[Start of Attachment]

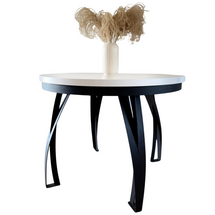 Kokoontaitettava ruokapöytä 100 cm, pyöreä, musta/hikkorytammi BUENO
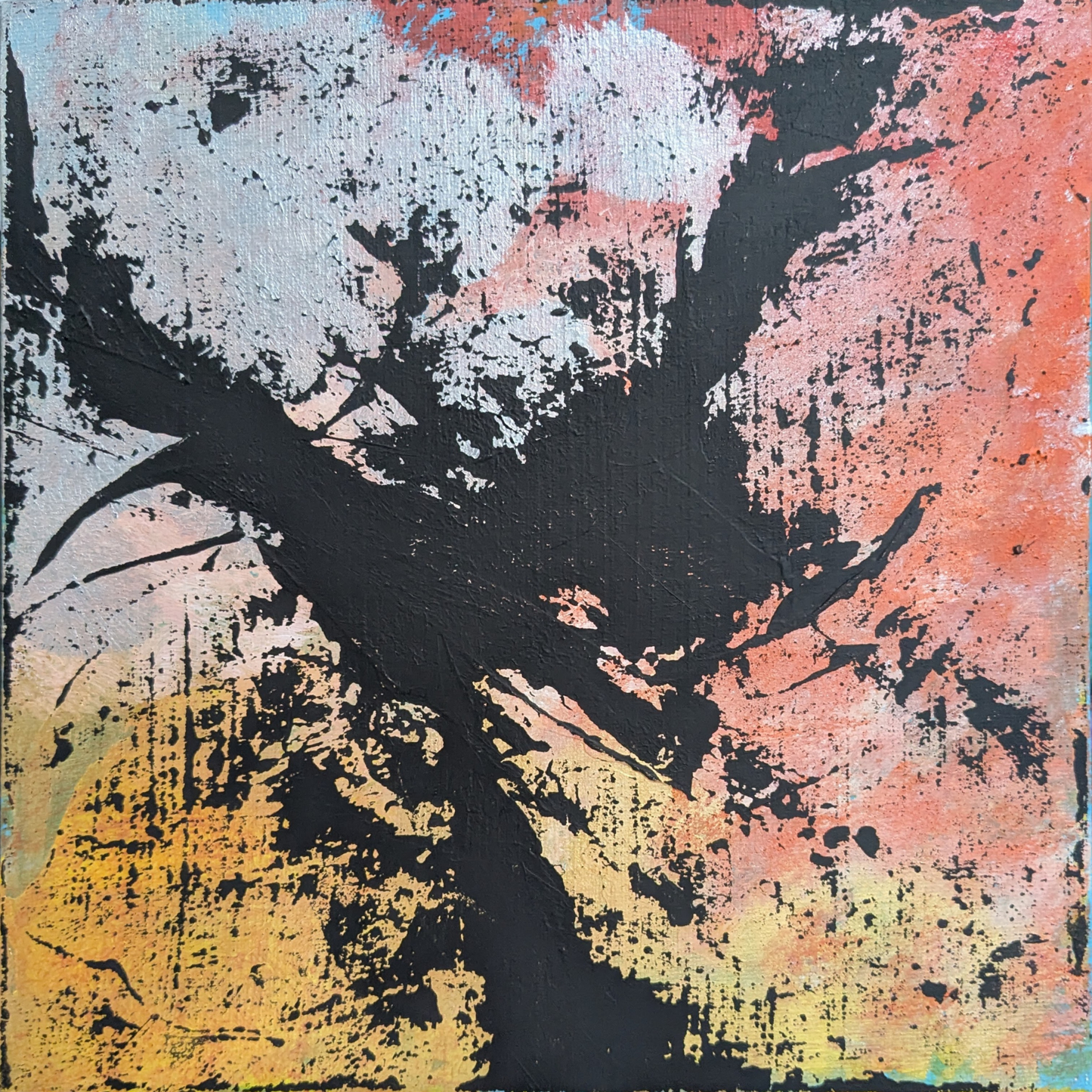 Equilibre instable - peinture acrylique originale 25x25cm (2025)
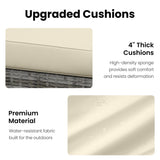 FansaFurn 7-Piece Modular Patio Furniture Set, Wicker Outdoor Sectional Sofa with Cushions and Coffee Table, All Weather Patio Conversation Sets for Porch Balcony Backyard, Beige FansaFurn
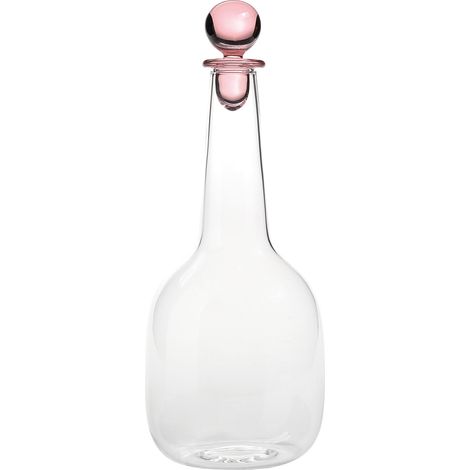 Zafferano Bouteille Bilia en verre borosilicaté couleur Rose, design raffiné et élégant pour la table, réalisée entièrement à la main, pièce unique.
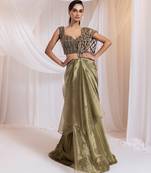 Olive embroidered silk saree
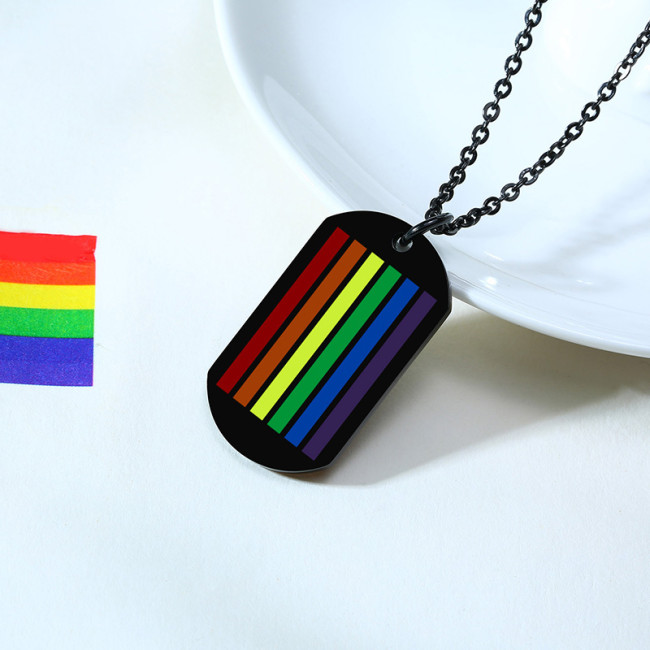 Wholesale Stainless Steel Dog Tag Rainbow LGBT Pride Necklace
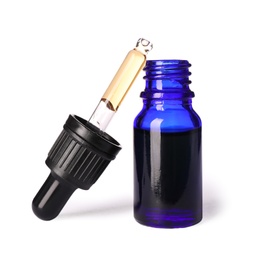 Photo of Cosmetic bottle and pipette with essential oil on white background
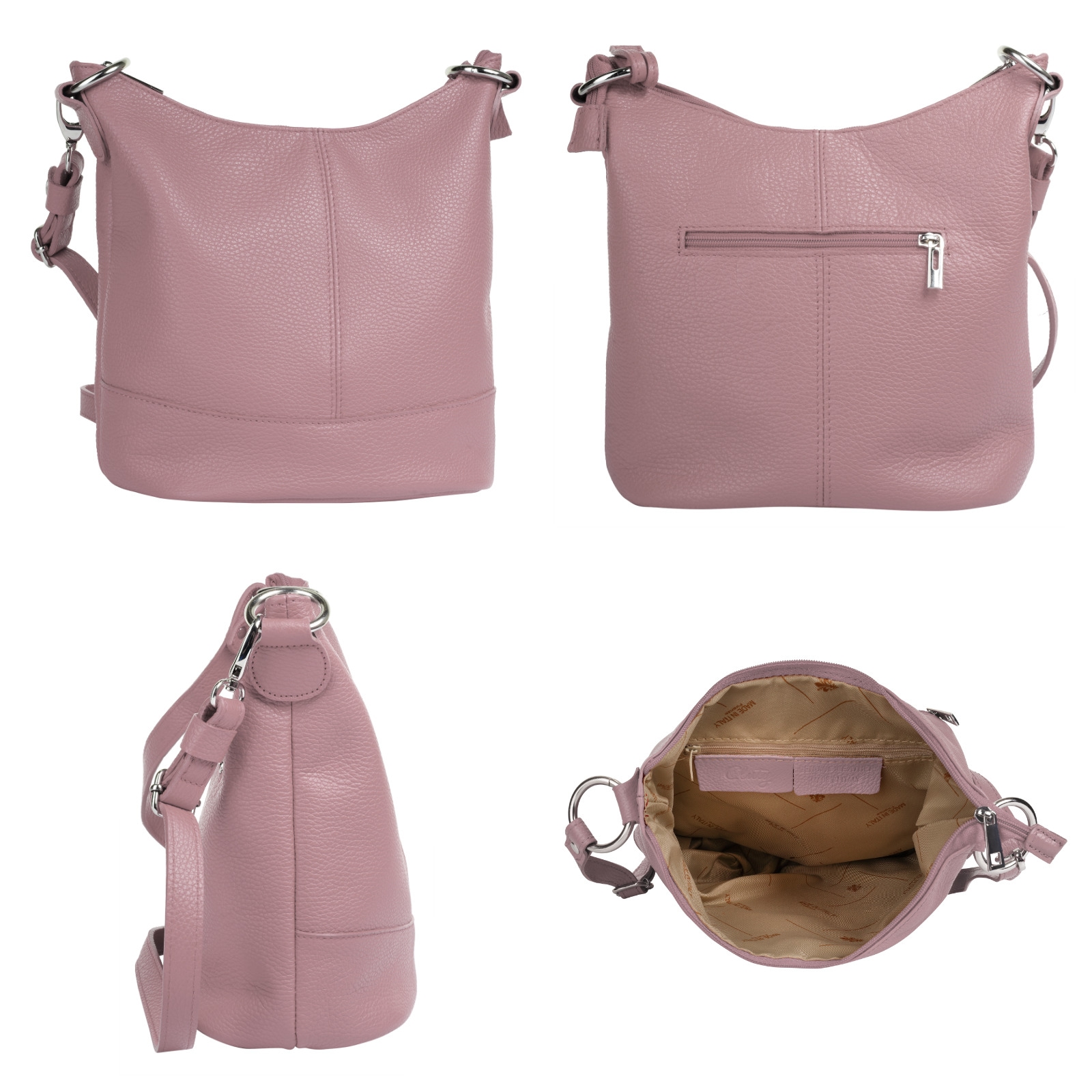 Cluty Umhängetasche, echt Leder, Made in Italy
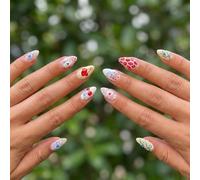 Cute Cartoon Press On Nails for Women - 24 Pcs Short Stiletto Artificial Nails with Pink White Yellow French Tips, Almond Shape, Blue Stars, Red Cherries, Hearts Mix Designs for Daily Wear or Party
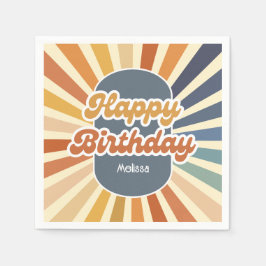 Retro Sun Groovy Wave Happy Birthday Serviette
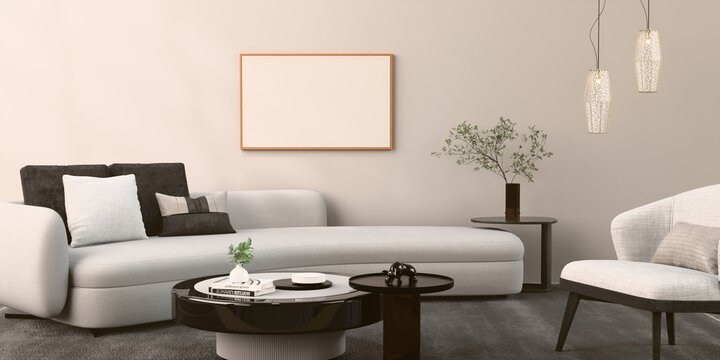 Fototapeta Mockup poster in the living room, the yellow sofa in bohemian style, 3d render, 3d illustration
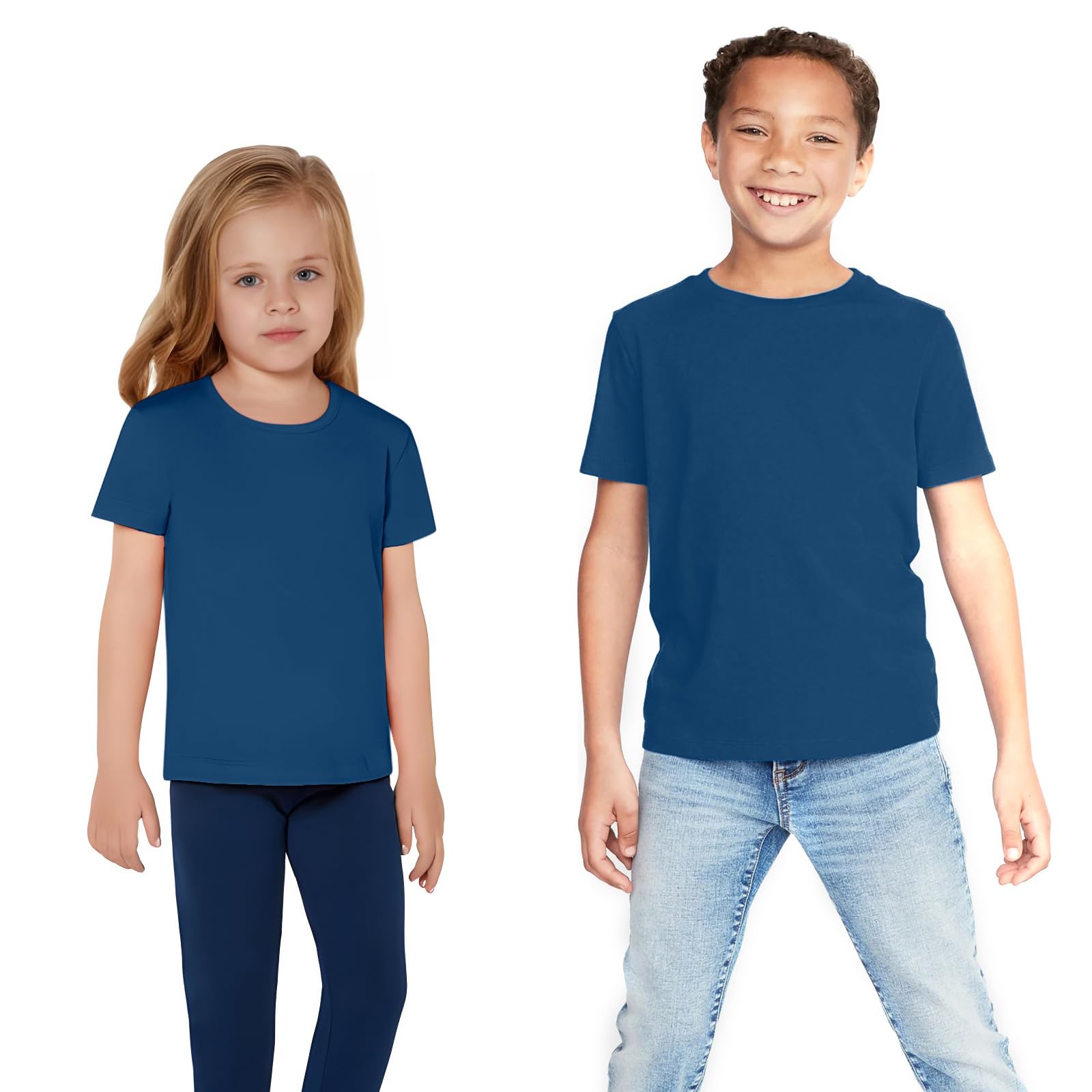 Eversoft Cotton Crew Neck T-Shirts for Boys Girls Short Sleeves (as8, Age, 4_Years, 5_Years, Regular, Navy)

[End of Attachment]

What is needed:
Transcribe exactly the lines from the one holding "Equilibre instable - peinture" through the final line of the material above, both ends included; any pictures should be dropped.

Answer to this task:
 Equilibre instable - peinture acrylique originale 25x25cm (2025)
 FansaFurn 7-Piece Modular Patio Furniture Set, Wicker Outdoor Sectional Sofa with Cushions and Coffee Table, All Weather Patio Conversation Sets for Porch Balcony Backyard, Beige FansaFurn
 Zafferano Bouteille Bilia en verre borosilicaté couleur Rose, design raffiné et élégant pour la table, réalisée entièrement à la main, pièce unique.
 Olive embroidered silk saree
 Wholesale Stainless Steel Dog Tag Rainbow LGBT Pride Necklace
 Photo of Cosmetic bottle and pipette with essential oil on white background
 Cluty Umhängetasche, echt Leder, Made in Italy
 Cute Cartoon Press On Nails for Women - 24 Pcs Short Stiletto Artificial Nails with Pink White Yellow French Tips, Almond Shape, Blue Stars, Red Cherries, Hearts Mix Designs for Daily Wear or Party
 Retro Sun Groovy Wave Happy Birthday Serviette
 Fototapeta Mockup poster in the living room, the yellow sofa in bohemian style, 3d render, 3d illustration
 Eversoft Cotton Crew Neck T-Shirts for Boys Girls Short Sleeves (as8, Age, 4_Years, 5_Years, Regular, Navy)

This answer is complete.